So far, adapters from Intel Corp. (Nasdaq: INTC) and Adaptec Inc. (Nasdaq: ADPT) have been OK'd for the NetApp iSCSI protocol stack. NetApp is offering the iSCSI-certification services in conjunction with Medusa Labs, the Austin, Texas-based testing division of Finisar Corp. (Nasdaq: FNSR) (see NetApp Certifies iSCSI Adapters).

But hold on a minute. One of the advantages of iSCSI, a protocol developed by the Internet Engineering Task Force (IETF) for transmitting block-level storage over IP networks, was supposed to be that such certifications would no longer even be necessary. The idea was that iSCSI adapters would work with iSCSI storage arrays just like standard Ethernet components.

Has iSCSI's simplicity been oversold?

Not according to NetApp, which says the certification program is mainly meant to increase users' comfort level with iSCSI. Because iSCSI is a new technology, customers are looking for a guarantee that different vendors' products have been tested and work together, says NetApp spokeswoman Kris Newton."When it comes to storage networking equipment, customers are expecting certification," she says. Newton adds that the company is not seeing the same level of interoperability issues with iSCSI that it has with Fibre Channel.

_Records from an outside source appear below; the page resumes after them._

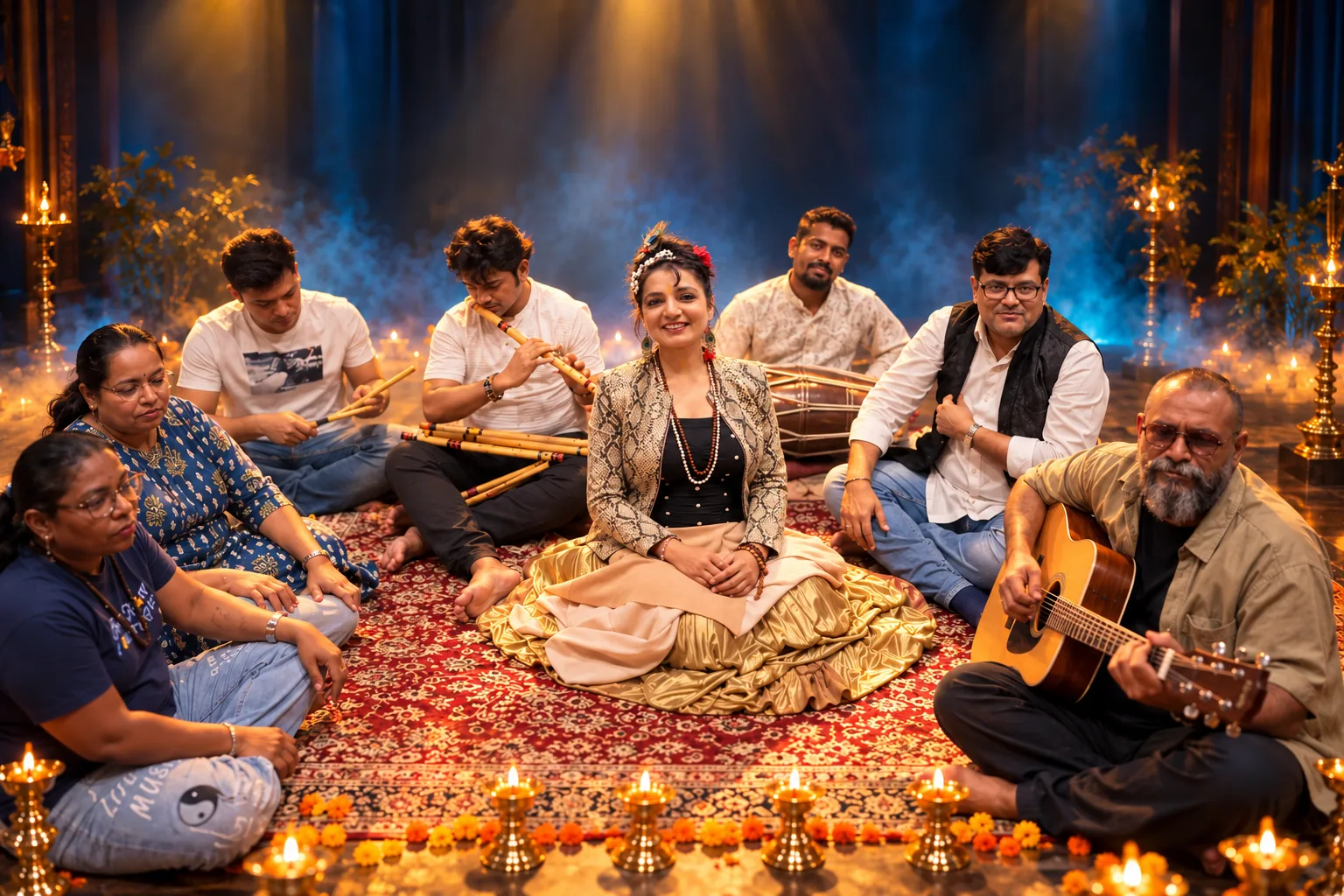 Tridev Ganga ensemble seated on a carpet among diyas: Ganga Mamgai at the centre with flute, dholak, percussion, guitar and vocalists around her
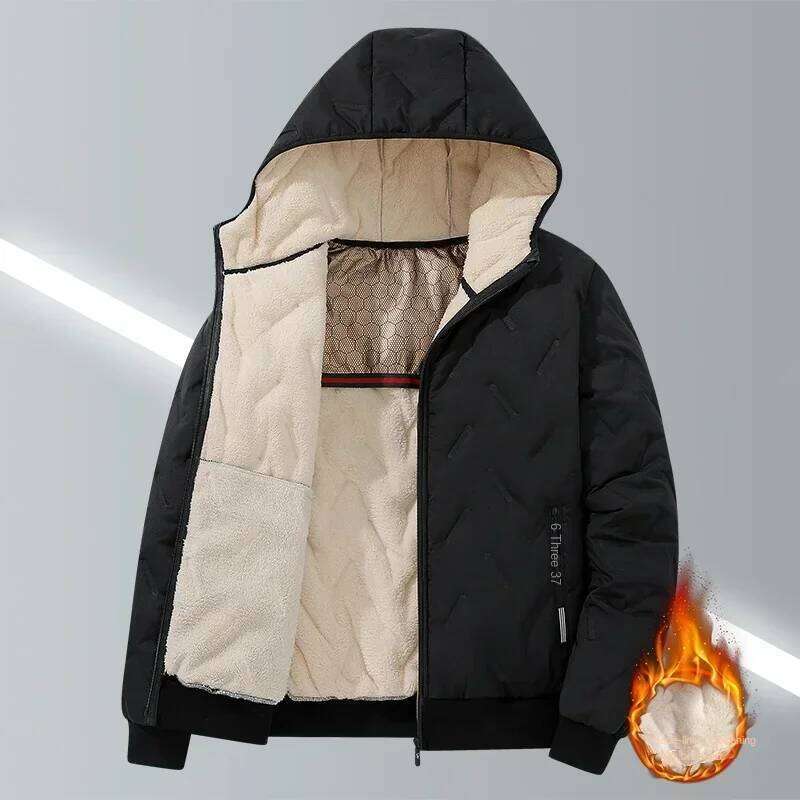 2024 Mens Imitation Wool Cotton Jacket Thick Warm Plus Size Loose Casual Versatile Solid Color Simple Fleece Hooded Coats Men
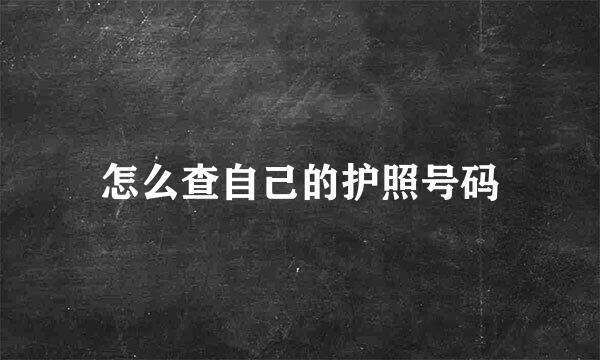 怎么查自己的护照号码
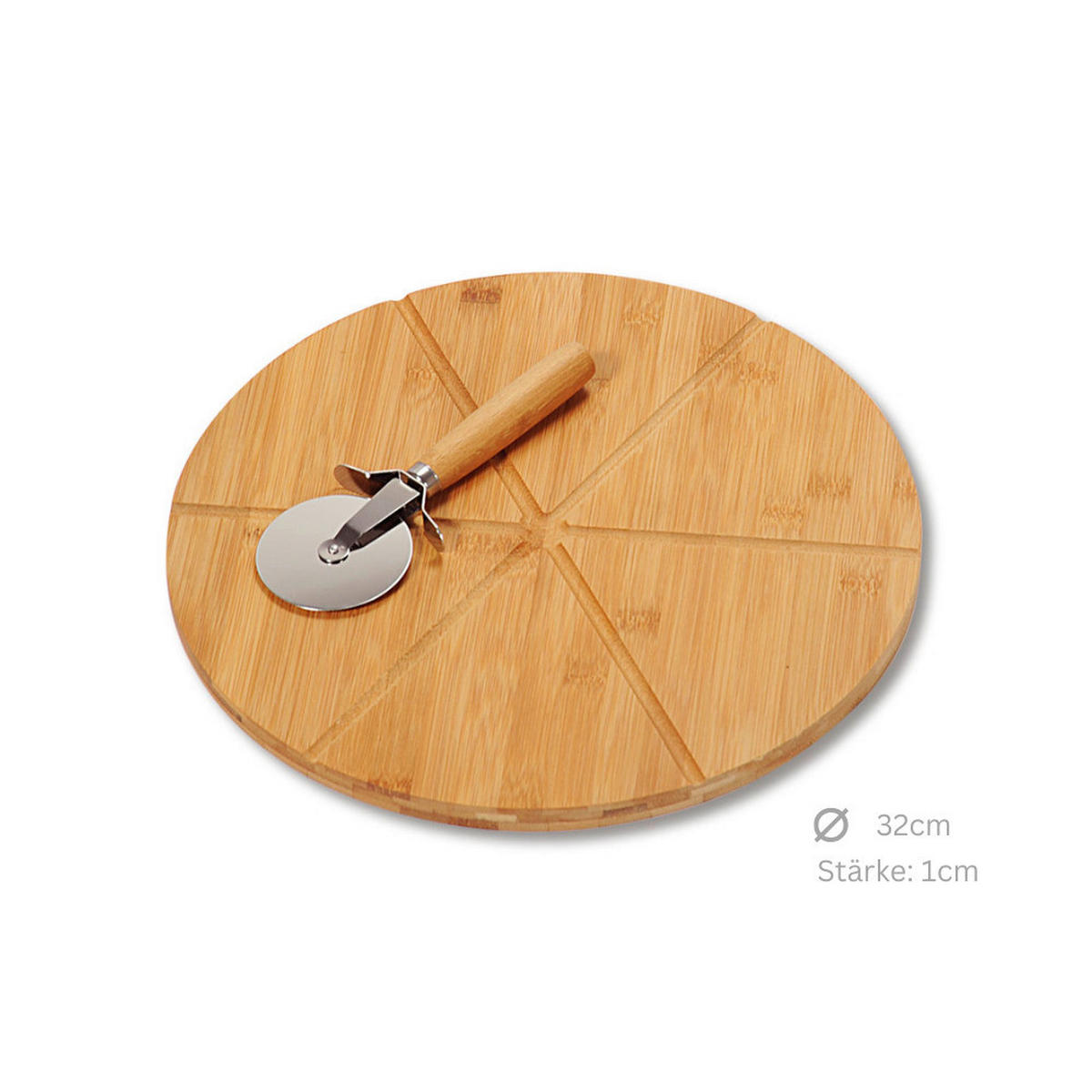 Kesper Pizzateller braun Bambus B/H/L: ca. 32x32x4 cm Pizzateller_3erSet - braun (4,00/32,00/32,00cm) - Kesper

About 500 users have downloaded NetApp's iSCSI software since the company launched it in February. The iSCSI software is available for the NetApp F800 and FAS900 storage systems at no charge to customers with software subscription contracts. Separately, NetApp resells Intel's PRO/1000 T IP adapters (see NetApp Blitzes on iSCSI).

The NetApp iSCSI testing program is designed to verify proper functionality and operation between iSCSI initiator and iSCSI target hardware. Medusa Labs, which is charging iSCSI vendors for its testing services, uses Finisar's SAN protocol analysis and test equipment, including error injectors, bit error rate testers, and data generators. Such tests, according to Medusa Labs, verify that the products are up to the "most stringent of data center requirements."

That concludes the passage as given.